--- TRY IT ---
Find "Bergen, Norwegen - 18." in the records that follow; print that line and each subsequent line through the last one, verbatim and with nothing added.

--- SOURCE INFORMATION ---
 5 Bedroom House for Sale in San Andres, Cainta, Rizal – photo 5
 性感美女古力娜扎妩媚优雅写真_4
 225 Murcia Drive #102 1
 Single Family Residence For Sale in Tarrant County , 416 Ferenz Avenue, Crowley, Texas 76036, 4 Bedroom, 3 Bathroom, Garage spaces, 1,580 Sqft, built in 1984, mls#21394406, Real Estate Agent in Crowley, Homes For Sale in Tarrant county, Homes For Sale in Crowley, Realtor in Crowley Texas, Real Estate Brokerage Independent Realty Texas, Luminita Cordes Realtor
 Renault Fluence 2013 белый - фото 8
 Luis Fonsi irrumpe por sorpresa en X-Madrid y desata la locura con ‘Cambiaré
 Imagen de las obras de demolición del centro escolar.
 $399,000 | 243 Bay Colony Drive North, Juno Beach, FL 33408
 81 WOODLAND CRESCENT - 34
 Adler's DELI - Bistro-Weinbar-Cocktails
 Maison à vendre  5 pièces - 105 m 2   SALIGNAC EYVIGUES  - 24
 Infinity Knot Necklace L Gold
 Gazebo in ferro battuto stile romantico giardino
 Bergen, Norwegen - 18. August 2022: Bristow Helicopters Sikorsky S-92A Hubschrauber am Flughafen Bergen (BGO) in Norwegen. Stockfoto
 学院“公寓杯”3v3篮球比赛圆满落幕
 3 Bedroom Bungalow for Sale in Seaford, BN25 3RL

--- ANSWER SPACE ---
 Bergen, Norwegen - 18. August 2022: Bristow Helicopters Sikorsky S-92A Hubschrauber am Flughafen Bergen (BGO) in Norwegen. Stockfoto
 学院“公寓杯”3v3篮球比赛圆满落幕
 3 Bedroom Bungalow for Sale in Seaford, BN25 3RL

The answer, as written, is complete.